#### Task directions:
With the pictures removed, the data below must be transcribed in full and exactly.

··· Working data ···

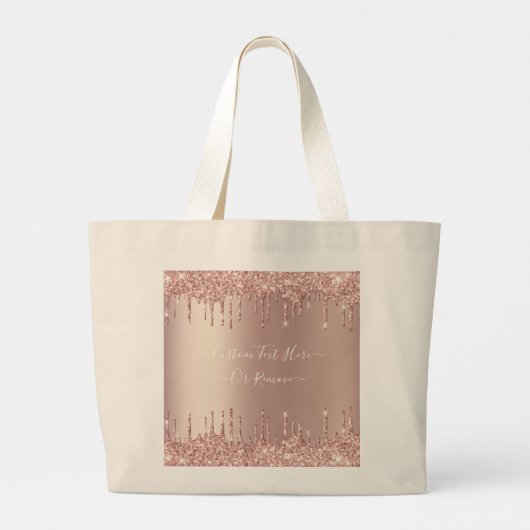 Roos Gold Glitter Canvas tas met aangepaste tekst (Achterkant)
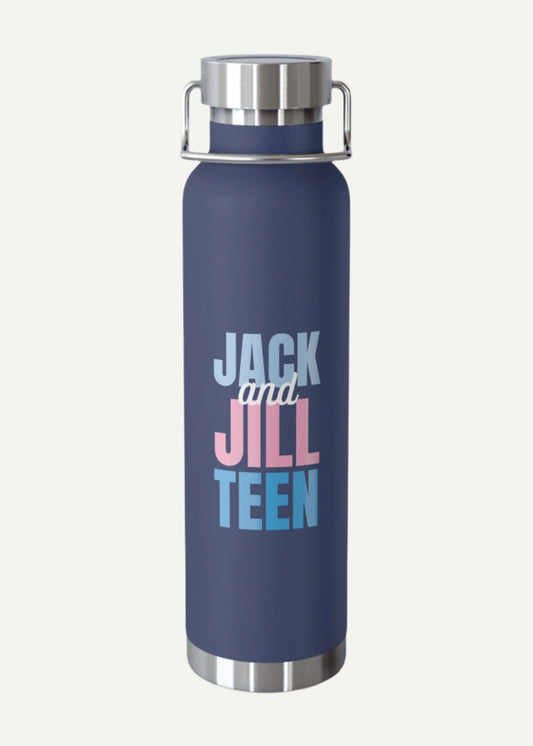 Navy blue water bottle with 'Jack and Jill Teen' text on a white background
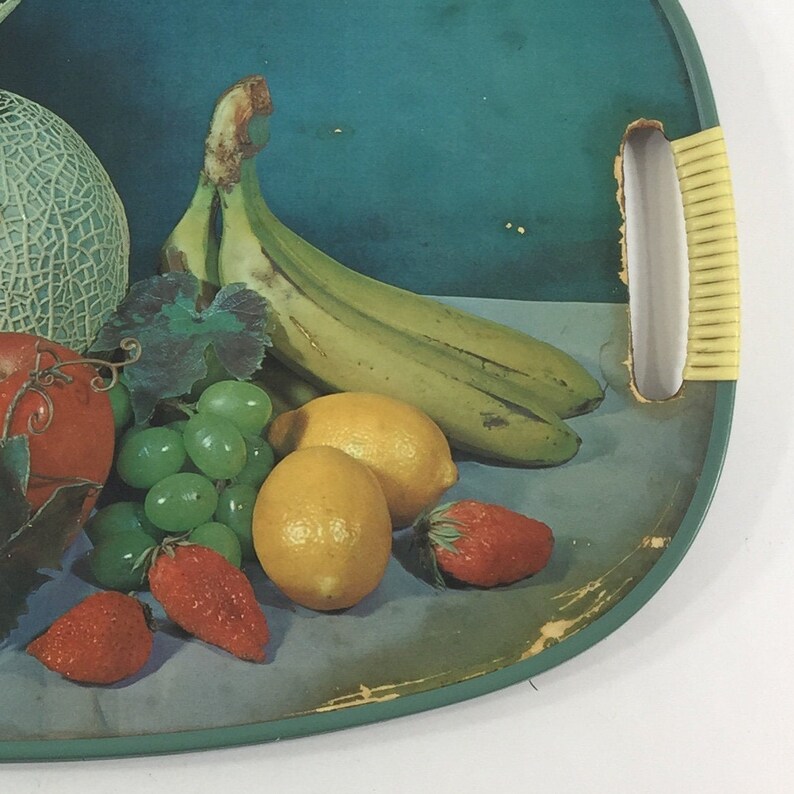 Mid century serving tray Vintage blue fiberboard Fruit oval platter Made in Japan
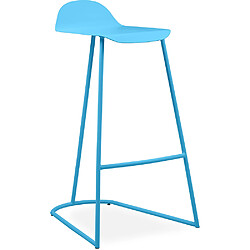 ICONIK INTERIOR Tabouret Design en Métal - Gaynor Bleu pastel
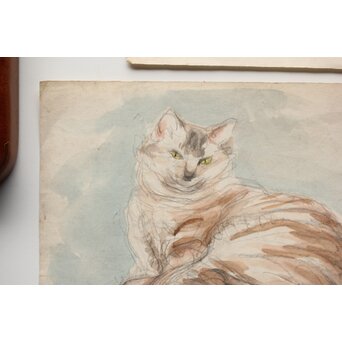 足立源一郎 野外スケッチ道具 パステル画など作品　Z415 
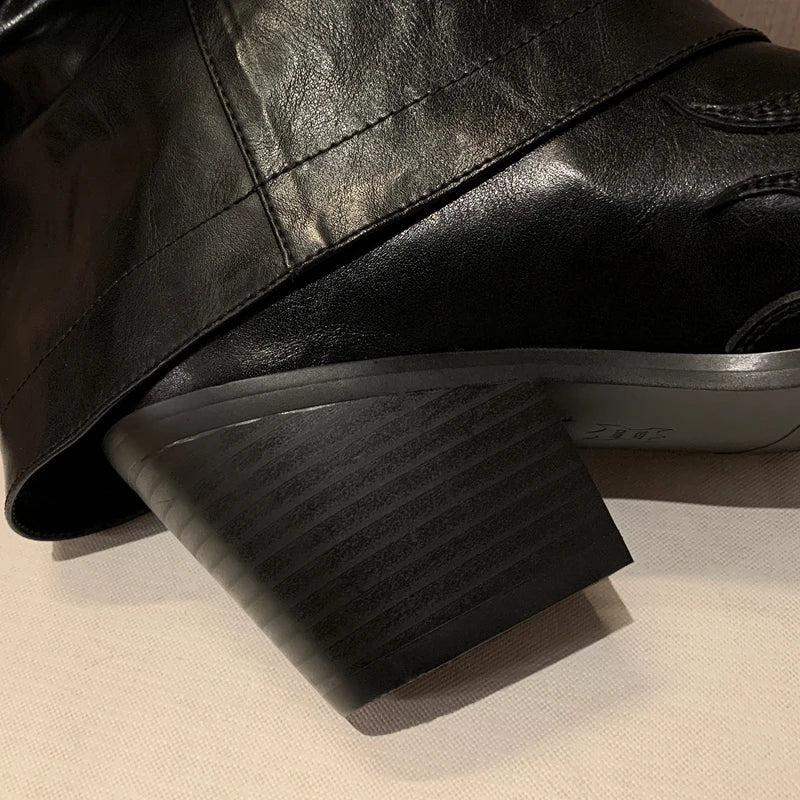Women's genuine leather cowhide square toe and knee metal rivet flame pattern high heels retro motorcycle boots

···

#### Problem solution:
 Roos Gold Glitter Canvas tas met aangepaste tekst (Achterkant)
 Navy blue water bottle with 'Jack and Jill Teen' text on a white background
 Mid century serving tray Vintage blue fiberboard Fruit oval platter Made in Japan
 ICONIK INTERIOR Tabouret Design en Métal - Gaynor Bleu pastel
 足立源一郎 野外スケッチ道具 パステル画など作品　Z415 
Women's genuine leather cowhide square toe and knee metal rivet flame pattern high heels retro motorcycle boots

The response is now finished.